The Treasury and the Fed took months to work through all the technical and legal details and get the TALF operating. Unveiled in late November, it wasn’t even close to making its first loan when the FOMC met in December. (Even before it lent its first dollar in March 2009, the ceiling on the TALF was lifted up to $1 trillion by the Fed and the Geithner Treasury, and its scope expanded beyond consumer loans to business loans and, as Paulson had initially wanted, to commercial mortgages.)

P
RINCIPLES
, P
LEASE

The several Fed presidents who strongly disagreed with Bernanke’s market-by-market approach to the crisis accused the Fed of contributing to the turmoil by creating uncertainty and confusion about government policy and complained that the Fed didn’t have any “exit strategy” — a way to return to normal central banking when the Great Panic had subsided. Among them was Philadelphia Fed president Charles Plosser, who had been lecturing Bernanke privately and publicly that the Fed needed principles, not ad hoc solutions. Of all Bernanke’s ideological critics at the December meeting, Bernanke was most worried about Plosser, the only one of his ideological bent who had a vote on monetary policy in 2008. Bernanke didn’t want any dissents, and Plosser was clearly skeptical of his programs.

If the Fed was buying mortgage-backed or credit card — backed securities to lower interest rates now, asked Plosser, wouldn’t it be accused of raising interest rates when it sold the securities in the future? “Will we face challenges when we attempt to liquidate these longer-term assets from our portfolio?” Plosser continued. “Will there be pressure from various interest groups to retain certain assets? Will there be pressure to extend some of these programs by observers who feel terminating the programs might disrupt ‘fragile’ markets or that the economy’s ‘headwinds’ are too strong? Such pressures could threaten the Fed’s independence to control its balance sheet and monetary policy. We will need to have the fortitude to make some difficult decisions about when our policies must be reversed or unwound.”

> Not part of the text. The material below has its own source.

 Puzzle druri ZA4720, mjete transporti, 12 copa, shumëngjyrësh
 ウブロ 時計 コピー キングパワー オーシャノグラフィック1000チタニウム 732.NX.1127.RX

Bernanke leaned on Plosser, making clear to him before and during the
meeting that the Fed needed to be united, given the fragility of the markets and the economy. Fortunately for Bernanke, though Plosser was in the same ideological camp as presidents like the Richmond Fed’s Lacker, he was also a more respectful debater and team player. Lacker was antagonistic and more inclined to make a public statement. (When Lacker got a chance to vote on a similar issue at the FOMC’s January 2009 meeting, he dissented, arguing that the Fed should avoid lending in particular markets and instead buy long-term Treasury debt to put more credit into the economy.)

As the Fed approached a vote, it became clear that this already unconventional meeting would run well past the normally reliable 1:15
P.M.
ending time. Usually, Fed staff have a solid hour after FOMC meetings to get the end-of-meeting statement prepared for worldwide transmission by wire services, Web sites, and business cable TV channels at
exactly
2:15
P.M.
Washington time.

Merely not meeting this self-imposed schedule could shake markets globally, but as 2
P.M.
neared, consensus on the wording was anything but certain. Some of the presidents wanted language that asserted the FOMC’s role in deciding the scale of Fed lending. There was talk of including a phrase in the statement that the Fed would “use its balance sheet,” but that didn’t say anything about size and composition. Finally, Christine Cummings, a twenty-year veteran of the New York Fed who was standing in for Geithner, offered a winning compromise: a vague reference in which the committee agreed to “sustain the size of the Federal Reserve’s balance sheet at a high level.” It was an artful phrase that gave the FOMC a role at least in choosing adjectives without constraining Bernanke.